Excerpted data.
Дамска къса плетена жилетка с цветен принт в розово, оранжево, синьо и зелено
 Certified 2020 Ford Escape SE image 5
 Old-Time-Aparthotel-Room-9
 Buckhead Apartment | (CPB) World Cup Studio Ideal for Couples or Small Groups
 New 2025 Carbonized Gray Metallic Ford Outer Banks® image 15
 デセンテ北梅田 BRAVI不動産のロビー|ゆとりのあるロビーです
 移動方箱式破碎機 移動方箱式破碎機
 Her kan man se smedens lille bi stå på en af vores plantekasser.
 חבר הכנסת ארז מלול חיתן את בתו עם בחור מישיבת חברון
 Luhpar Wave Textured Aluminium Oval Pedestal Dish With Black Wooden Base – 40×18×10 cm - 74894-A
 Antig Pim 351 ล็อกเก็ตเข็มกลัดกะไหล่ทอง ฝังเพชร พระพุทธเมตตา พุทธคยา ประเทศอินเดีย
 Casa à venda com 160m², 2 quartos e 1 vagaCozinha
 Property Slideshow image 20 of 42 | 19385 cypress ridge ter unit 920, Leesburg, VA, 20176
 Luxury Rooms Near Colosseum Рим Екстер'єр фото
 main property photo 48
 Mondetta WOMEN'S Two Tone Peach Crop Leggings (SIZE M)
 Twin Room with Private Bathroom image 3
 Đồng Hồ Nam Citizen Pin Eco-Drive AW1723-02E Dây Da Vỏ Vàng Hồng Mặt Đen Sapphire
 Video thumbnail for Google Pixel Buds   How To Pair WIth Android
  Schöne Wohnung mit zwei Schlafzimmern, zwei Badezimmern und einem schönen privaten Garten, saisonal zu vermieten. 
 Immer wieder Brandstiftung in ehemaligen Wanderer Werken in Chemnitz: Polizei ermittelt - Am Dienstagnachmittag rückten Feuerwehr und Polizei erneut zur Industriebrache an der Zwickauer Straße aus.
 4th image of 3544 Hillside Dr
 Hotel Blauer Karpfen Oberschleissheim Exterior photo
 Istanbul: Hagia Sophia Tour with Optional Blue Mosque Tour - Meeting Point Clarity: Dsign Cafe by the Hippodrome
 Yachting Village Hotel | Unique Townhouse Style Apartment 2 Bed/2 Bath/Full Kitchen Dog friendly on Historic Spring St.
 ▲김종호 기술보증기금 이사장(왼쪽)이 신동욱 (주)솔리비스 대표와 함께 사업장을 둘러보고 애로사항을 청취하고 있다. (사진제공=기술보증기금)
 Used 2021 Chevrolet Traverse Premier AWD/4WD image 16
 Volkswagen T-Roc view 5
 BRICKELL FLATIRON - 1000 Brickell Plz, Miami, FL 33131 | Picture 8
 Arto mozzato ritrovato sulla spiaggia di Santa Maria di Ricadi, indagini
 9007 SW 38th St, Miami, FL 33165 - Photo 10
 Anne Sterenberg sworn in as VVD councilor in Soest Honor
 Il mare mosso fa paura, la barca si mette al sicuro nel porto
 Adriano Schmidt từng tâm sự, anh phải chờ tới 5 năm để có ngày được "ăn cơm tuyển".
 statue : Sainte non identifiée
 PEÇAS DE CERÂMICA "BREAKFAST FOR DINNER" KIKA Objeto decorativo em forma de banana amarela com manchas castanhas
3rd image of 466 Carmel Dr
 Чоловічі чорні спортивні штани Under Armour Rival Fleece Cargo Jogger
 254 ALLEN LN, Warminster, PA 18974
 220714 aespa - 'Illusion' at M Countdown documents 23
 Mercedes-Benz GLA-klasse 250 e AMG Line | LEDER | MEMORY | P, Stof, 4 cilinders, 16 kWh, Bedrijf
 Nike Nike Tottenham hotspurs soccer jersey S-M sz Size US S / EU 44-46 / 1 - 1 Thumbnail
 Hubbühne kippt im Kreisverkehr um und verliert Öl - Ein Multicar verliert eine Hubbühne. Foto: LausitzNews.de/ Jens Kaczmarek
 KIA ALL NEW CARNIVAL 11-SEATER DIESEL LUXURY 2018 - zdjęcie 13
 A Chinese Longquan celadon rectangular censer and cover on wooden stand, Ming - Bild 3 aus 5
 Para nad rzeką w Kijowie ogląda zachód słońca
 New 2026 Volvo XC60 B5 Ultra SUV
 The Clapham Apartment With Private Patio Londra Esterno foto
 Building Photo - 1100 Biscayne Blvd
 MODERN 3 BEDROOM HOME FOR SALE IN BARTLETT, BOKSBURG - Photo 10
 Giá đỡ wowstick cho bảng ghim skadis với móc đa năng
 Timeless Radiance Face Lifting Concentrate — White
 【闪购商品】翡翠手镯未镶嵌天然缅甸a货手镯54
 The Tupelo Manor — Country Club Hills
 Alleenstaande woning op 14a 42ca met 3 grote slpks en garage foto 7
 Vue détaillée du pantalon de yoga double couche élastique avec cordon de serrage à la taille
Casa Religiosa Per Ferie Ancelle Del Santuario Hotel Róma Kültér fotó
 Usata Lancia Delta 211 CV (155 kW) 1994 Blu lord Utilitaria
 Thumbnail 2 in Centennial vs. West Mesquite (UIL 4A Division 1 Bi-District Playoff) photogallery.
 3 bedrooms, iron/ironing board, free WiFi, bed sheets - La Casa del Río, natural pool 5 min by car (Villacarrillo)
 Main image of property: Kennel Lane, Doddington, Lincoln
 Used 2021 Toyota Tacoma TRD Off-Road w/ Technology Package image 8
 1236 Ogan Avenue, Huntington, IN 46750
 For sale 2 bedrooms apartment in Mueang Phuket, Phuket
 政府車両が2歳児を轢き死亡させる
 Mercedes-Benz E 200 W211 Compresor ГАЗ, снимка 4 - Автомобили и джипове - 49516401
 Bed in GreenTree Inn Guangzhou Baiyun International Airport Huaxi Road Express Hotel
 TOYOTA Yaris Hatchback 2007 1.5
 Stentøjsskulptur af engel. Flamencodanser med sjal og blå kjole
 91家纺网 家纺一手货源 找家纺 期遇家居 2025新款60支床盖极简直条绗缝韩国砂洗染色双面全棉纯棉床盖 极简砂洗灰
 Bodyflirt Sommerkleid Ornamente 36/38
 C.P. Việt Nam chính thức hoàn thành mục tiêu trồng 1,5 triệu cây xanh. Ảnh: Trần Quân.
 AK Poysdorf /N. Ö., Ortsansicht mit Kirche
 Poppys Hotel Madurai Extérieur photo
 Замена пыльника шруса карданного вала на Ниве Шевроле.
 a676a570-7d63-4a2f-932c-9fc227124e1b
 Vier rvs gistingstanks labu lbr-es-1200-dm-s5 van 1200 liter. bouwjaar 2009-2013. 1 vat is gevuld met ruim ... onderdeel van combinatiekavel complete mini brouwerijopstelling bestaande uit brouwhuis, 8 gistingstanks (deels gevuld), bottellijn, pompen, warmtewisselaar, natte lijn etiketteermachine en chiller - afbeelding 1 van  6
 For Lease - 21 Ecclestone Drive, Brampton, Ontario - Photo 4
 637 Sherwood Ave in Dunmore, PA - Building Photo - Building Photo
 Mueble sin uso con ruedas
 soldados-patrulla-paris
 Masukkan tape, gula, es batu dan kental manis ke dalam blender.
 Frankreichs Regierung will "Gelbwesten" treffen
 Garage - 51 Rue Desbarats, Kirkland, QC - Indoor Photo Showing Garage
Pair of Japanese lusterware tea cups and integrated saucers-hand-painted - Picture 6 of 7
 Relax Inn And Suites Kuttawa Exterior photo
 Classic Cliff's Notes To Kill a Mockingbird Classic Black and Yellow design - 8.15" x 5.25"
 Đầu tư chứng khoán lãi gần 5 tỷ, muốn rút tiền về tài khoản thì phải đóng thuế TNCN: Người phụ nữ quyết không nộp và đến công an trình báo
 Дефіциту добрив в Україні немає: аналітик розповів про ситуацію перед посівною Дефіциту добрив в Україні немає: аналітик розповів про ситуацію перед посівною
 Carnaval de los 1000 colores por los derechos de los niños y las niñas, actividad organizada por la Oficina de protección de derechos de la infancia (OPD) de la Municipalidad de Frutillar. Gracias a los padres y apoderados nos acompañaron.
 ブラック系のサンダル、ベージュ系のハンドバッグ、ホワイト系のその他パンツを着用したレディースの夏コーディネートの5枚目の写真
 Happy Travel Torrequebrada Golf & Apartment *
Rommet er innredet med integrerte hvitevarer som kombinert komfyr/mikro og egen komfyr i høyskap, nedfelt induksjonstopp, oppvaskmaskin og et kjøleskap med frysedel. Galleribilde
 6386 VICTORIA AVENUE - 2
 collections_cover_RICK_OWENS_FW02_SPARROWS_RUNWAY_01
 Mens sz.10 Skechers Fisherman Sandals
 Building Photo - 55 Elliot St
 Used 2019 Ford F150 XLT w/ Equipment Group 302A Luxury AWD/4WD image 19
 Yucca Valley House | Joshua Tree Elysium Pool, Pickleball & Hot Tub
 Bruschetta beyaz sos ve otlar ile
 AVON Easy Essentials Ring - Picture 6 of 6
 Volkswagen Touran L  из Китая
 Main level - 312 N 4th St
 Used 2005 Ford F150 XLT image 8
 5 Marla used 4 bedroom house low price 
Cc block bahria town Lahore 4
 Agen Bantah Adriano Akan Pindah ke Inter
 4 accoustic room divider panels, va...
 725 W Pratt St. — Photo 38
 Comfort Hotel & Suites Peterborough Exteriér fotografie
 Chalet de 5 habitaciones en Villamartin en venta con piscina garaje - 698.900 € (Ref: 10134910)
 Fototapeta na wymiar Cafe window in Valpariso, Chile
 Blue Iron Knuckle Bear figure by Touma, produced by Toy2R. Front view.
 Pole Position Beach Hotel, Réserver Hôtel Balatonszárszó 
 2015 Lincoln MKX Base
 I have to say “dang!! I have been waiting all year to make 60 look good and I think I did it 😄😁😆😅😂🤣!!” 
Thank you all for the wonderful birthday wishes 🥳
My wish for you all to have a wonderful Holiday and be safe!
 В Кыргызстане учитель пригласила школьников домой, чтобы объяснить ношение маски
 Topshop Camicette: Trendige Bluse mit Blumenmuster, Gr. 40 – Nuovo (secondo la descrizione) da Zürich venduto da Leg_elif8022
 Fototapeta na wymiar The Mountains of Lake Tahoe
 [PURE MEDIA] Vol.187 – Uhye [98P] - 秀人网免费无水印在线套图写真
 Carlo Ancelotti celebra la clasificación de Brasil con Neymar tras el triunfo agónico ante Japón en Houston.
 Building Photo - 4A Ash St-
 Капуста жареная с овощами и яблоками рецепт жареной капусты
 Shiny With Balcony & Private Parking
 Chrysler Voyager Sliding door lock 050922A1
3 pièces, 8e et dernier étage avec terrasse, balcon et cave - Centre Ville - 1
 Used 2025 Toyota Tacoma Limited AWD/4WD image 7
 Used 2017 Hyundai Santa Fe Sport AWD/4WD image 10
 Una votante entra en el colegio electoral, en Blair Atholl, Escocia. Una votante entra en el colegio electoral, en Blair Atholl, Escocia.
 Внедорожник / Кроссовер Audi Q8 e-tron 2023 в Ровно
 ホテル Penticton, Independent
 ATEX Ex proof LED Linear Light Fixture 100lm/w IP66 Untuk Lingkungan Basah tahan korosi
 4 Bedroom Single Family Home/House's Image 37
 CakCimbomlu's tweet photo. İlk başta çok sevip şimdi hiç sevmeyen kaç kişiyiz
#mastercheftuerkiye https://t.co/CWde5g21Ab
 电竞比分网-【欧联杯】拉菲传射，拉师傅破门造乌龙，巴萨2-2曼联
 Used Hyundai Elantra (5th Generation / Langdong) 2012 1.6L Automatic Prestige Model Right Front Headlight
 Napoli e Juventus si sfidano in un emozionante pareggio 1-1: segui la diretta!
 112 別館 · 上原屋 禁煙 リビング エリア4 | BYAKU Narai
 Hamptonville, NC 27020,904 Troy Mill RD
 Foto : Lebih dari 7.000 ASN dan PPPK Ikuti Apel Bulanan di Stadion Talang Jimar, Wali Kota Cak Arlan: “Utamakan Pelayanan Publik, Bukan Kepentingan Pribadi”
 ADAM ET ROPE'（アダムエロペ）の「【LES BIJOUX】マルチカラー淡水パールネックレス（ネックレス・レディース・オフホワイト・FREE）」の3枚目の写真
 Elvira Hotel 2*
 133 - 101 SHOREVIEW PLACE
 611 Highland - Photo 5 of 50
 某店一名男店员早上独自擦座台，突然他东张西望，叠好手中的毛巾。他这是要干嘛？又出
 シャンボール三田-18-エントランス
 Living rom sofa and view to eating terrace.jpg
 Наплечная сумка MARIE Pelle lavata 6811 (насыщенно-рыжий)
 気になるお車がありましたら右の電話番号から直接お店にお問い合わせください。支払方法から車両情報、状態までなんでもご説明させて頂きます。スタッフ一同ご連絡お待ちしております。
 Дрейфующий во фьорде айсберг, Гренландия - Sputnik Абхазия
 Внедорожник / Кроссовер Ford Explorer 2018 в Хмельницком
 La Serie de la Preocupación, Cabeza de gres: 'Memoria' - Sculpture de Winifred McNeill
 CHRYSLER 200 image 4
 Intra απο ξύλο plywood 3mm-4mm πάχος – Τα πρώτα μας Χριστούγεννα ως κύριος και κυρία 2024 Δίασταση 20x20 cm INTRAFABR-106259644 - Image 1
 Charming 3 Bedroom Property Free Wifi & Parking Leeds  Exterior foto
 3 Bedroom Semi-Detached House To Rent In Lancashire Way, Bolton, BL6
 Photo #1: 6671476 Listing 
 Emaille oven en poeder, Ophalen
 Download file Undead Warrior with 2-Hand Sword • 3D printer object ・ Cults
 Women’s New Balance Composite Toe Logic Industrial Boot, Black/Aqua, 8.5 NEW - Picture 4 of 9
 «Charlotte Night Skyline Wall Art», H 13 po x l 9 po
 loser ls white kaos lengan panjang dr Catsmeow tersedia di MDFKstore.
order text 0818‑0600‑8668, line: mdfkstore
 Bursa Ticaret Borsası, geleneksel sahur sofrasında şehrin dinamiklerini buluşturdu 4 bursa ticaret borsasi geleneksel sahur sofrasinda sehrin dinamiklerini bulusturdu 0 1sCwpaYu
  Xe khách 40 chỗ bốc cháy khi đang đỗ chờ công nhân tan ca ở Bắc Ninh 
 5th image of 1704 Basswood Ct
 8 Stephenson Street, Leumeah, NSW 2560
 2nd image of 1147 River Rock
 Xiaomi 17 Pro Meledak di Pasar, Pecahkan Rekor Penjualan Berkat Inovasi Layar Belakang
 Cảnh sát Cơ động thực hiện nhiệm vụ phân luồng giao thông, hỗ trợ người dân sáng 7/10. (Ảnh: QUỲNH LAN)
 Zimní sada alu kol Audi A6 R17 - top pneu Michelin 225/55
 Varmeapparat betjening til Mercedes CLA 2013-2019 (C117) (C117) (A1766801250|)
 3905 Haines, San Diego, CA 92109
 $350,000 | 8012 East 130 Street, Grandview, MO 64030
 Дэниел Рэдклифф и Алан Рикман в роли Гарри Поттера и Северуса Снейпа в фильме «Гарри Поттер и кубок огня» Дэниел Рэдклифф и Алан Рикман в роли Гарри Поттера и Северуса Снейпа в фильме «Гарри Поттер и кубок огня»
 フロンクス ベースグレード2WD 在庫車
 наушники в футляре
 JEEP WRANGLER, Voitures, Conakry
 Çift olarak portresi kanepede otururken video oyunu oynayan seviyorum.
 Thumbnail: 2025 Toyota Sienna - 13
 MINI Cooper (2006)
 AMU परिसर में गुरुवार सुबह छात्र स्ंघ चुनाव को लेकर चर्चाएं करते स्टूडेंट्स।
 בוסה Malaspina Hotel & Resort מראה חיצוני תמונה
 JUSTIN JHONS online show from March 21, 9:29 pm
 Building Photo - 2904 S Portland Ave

What to produce.
Give the exact lines, and only those, from the line containing "Luhpar Wave Textured" through the line containing "Property Slideshow image" in the entries above.

Output for this exercise.
 Luhpar Wave Textured Aluminium Oval Pedestal Dish With Black Wooden Base – 40×18×10 cm - 74894-A
 Antig Pim 351 ล็อกเก็ตเข็มกลัดกะไหล่ทอง ฝังเพชร พระพุทธเมตตา พุทธคยา ประเทศอินเดีย
 Casa à venda com 160m², 2 quartos e 1 vagaCozinha
 Property Slideshow image 20 of 42 | 19385 cypress ridge ter unit 920, Leesburg, VA, 20176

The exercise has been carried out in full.